Yine Doktrinde ortak tanım olarak Kaçınılmazlık “…Vuku bulan olaya karşı koyulamazlık hali ve her türlü tedbirin alınmasına rağmen gerçekleşmesi önlenemeyen ve objektif bir kaçınılmazlık durumunun söz konusu olmasıdır..” şeklinde tanımlanmaktadır.
Söz konusu Yönetmelik hükmü gereğince, işveren tarafından alınması gereken tüm önlemler alınmasına rağmen, yine de iş kazası ve meslek hastalığı meydana gelmişse işveren olayın kaçınılmaz olduğunu ileri sürebilecek ve kusurlu sayılmayacaktır.
Ancak olayın meydana gelmesinde işveren tarafından alınması gerektiği halde alınmamış bir tedbir tespit edilirse işveren olayın kaçınılmaz olduğunu ileri süremeyecektir.
Bütün bu tanımları dikkate aldığımızda “her Umulmadık bir halin kaçınılmazlık olarak nitelenemeyeceği” anlaşılmaktadır.
Kaçınılmazlık olgusunun var olabilmesi için öncelikle tüm tedbirler alınmalı, buna rağmen beklenmedik olaylar nedeniyle kaza meydana gelmelidir.
Bir başka değişle; “Ummamak, ummayı düşünmemek ve zarar verici olay ile karşılaşmak, kaçınılmazlık olarak değerlendirilemez.
Dolayısıyla; Yönetmeliğin söz konusu hükmü gereğince de iş kazası veya meslek hastalığının meydana gelmesinde, işveren tarafından alınması gerektiği halde alınmamış herhangi bir tedbir tespit edilirse, işveren olayın kaçınılmaz olduğunu ileri süremeyecektir.
Çünkü, Kaçınılmazlık olgusunda, işçi sağlığı ve iş güvenliği konusunda geçerli mevzuat hükümleri çerçevesinde, doğabilecek olası zararlı sonuçların önlenmesi yönünde, duruma ve koşullara göre ilgililerden beklenebilecek tüm özenli ve dikkatli çabaya karşın, sigortalıyı bedence veya ruhça arızaya uğratan iş kazasının meydana gelmesi durumunda söz edilebilir.
Günümüz teknolojisinde bir takım olayların sonuçlarının kısmen kaçınılmazlık/kötü rastlantılarla açıklanması, alınabilecek önlemler düşünüldüğünde hemen hemen olanaksızdır.

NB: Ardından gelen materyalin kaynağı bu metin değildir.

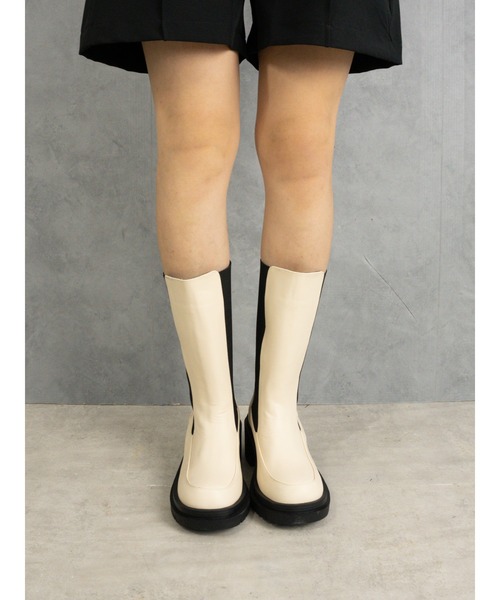 Fabby fabby（ファビィーファビィー）の「サイドゴアブーツ　ミドル丈　厚底ヒール（ブーツ・レディース・ブラック/オフホワイト・SMALL/MEDIUM/LARGE）」の6枚目の写真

Kaçınılmazlık/kötü rastlantı olarak adlandırılan olguların birçoğunun temelinde
İnsan yanılgı ve savsamaları,
Özen eksikliği bulunduğu bir gerçektir.
Unutulmamalıdır ki;
Her birey, zararlı sonuçların önlenmesi için durum ve koşulların kendisine yüklediği özen ve dikkat yükümünü göstermek zorundadır.
Öngörülebilir sonuçlar karşısında kaçınılmazlık/kötü rastlantı yönünde değerlendirme yapılamaz.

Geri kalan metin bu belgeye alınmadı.